+++ RECORDS FOR THE EXERCISE

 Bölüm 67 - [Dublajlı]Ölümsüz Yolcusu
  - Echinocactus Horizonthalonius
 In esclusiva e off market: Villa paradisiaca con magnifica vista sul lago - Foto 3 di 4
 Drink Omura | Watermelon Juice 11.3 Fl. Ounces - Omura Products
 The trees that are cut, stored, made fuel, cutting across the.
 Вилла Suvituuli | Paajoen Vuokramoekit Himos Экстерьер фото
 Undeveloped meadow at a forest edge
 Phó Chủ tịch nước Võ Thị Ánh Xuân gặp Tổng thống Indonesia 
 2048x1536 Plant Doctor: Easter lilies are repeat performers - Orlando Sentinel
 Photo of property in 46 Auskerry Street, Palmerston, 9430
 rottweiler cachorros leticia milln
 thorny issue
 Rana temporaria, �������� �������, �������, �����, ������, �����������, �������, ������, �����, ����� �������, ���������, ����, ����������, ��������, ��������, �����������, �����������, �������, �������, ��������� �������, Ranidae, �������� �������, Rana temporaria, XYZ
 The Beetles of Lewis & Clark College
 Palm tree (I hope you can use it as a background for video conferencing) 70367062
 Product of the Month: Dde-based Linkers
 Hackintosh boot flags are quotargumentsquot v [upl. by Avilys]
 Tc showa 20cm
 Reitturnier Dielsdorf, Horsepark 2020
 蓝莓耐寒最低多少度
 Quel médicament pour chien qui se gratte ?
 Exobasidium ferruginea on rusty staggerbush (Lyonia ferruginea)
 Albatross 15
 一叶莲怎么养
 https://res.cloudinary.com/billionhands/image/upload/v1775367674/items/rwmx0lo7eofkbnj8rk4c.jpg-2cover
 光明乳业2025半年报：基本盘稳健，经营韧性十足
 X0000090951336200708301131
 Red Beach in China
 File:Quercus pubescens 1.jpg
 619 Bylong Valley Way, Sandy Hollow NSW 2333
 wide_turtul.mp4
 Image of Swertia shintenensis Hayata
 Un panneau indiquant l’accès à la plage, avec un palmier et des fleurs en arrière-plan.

++++++

> WHAT NEEDS TO BE DONE: Reproduce the entries exactly. Every word has to stay the same.

> RESULT FOR THIS EXERCISE:
 Bölüm 67 - [Dublajlı]Ölümsüz Yolcusu
  - Echinocactus Horizonthalonius
 In esclusiva e off market: Villa paradisiaca con magnifica vista sul lago - Foto 3 di 4
 Drink Omura | Watermelon Juice 11.3 Fl. Ounces - Omura Products
 The trees that are cut, stored, made fuel, cutting across the.
 Вилла Suvituuli | Paajoen Vuokramoekit Himos Экстерьер фото
 Undeveloped meadow at a forest edge
 Phó Chủ tịch nước Võ Thị Ánh Xuân gặp Tổng thống Indonesia 
 2048x1536 Plant Doctor: Easter lilies are repeat performers - Orlando Sentinel
 Photo of property in 46 Auskerry Street, Palmerston, 9430
 rottweiler cachorros leticia milln
 thorny issue
 Rana temporaria, �������� �������, �������, �����, ������, �����������, �������, ������, �����, ����� �������, ���������, ����, ����������, ��������, ��������, �����������, �����������, �������, �������, ��������� �������, Ranidae, �������� �������, Rana temporaria, XYZ
 The Beetles of Lewis & Clark College
 Palm tree (I hope you can use it as a background for video conferencing) 70367062
 Product of the Month: Dde-based Linkers
 Hackintosh boot flags are quotargumentsquot v [upl. by Avilys]
 Tc showa 20cm
 Reitturnier Dielsdorf, Horsepark 2020
 蓝莓耐寒最低多少度
 Quel médicament pour chien qui se gratte ?
 Exobasidium ferruginea on rusty staggerbush (Lyonia ferruginea)
 Albatross 15
 一叶莲怎么养
 https://res.cloudinary.com/billionhands/image/upload/v1775367674/items/rwmx0lo7eofkbnj8rk4c.jpg-2cover
 光明乳业2025半年报：基本盘稳健，经营韧性十足
 X0000090951336200708301131
 Red Beach in China
 File:Quercus pubescens 1.jpg
 619 Bylong Valley Way, Sandy Hollow NSW 2333
 wide_turtul.mp4
 Image of Swertia shintenensis Hayata
 Un panneau indiquant l’accès à la plage, avec un palmier et des fleurs en arrière-plan.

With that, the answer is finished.